I can’t believe that I am going to be active in SJAB again after all of those things that took place last time. The reason (the ONLY reason) I am back is to help out my platoon mates who are currently lacking of manpower. Out of sincere friendship we have built. As much as my heart retaliate against the decision that I have made to be the PC to the new DELTA platoon, I don’t have that heart to reject the offer seeing how much of struggle I’ll put my platoon mates into if I don’t accept.
SJAB had once had a special place in my cadet heart. They are the family that I turned to when I am remorse, stress, angry and all other adjective to describe one’s feelings. They always know the right things to say to console my sadness, subside my boiling rage and even share my joy. I treasure every single moments with them be it through struggling in camps or competitions or even bitching about certain officers/instructors. The friendship that we have built through struggles is stronger than any kind of friendship that I have come by so far. And as far as my hormone-imbalance-teenage years are concerned, they are the bunch of friends that are too precious to let go off.

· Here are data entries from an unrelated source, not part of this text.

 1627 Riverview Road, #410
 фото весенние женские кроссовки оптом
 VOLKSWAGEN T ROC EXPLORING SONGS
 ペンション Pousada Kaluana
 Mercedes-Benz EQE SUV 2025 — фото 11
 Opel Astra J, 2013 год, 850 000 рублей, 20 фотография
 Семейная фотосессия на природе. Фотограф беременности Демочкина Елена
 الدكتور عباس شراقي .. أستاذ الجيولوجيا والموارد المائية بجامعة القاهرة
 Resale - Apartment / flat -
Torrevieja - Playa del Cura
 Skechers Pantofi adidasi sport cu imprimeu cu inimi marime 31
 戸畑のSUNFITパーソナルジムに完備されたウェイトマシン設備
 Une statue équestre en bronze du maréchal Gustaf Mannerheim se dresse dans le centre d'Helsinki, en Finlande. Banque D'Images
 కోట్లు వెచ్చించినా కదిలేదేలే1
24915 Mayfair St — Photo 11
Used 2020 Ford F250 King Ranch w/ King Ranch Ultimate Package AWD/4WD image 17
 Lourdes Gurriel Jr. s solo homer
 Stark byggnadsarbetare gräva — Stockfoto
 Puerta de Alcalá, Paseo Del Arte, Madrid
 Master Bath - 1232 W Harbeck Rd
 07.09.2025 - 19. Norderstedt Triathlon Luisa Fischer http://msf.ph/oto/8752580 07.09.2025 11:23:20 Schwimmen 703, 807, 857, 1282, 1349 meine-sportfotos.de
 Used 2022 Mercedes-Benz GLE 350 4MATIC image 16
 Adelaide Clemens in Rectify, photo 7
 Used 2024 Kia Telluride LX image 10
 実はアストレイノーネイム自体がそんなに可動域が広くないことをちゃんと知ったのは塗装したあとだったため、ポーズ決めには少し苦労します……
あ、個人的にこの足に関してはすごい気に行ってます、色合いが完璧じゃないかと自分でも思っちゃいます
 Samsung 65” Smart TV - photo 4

I guess if I hadn’t go for my Officer Training Camp (OTC), none of these stupid feelings would arise.
I think I wasn’t prepared for the things that I was about to go through through OTC.
I underestimate that camp…No… I was still fiddling with whether I want to continue my service in SJAB. I wasn’t ready both mentally and physically and that was what destroys me to the last bit of my pride of being a GVSJAB member. As much as I want the memories to fade, it keeps coming back like nightmare. Shaking them off is like shaking a leech off your skin while it’s still drinking your blood. Yes it can be done, but it comes with a price… sucking out the motivation and confidence in myself. Honestly, I feel like I have disappointed every single members of my platoon mate. It’s an unpleasant feeling. You have promised them that you ace the camp but instead you come out with your head down in defeat because not only you’ve nearly fail OTC but you have lost your pride during the camp. The greatest bitter part is to explain my failures to my platoon mates.
That’s was the main reason why I MIA throughout my leadership probation as Assistant Platoon Commander (APC) to Emerald. I just couldn’t face reality to how much a failure I was as a GVSJAB APC to EMERALD because I don’t think I deserved to get such a recognized position. I drowned myself with polytechnic activities as an excuse to never go back to SJAB. And that decision was another stupid mistake that I’ve made. Until my EMERALD POP-ed, I never realized that being an APC to a platoon was an opportunity given by my GVSJAB seniors to redeem my pride and prove to them I am capable to do it. Double strikes in a row.
Now that my batch is taking over GVSJAB committee, I was given a chance again to step up my game. Lucky huh. 2 years of playing hide and seek and now it’s time to come out…
One thing that I am afraid most after all this years is disappointment. I just can’t handle that.
What I need is just confidence and skills. Skills can be sought and sharpen through time. Confidence? I don’t know where else to find ‘em and I am running out motivations to boost my morale.
I really do hope that my presence in the committee helps them in a way or another.
Hoping for the best is my final salvage.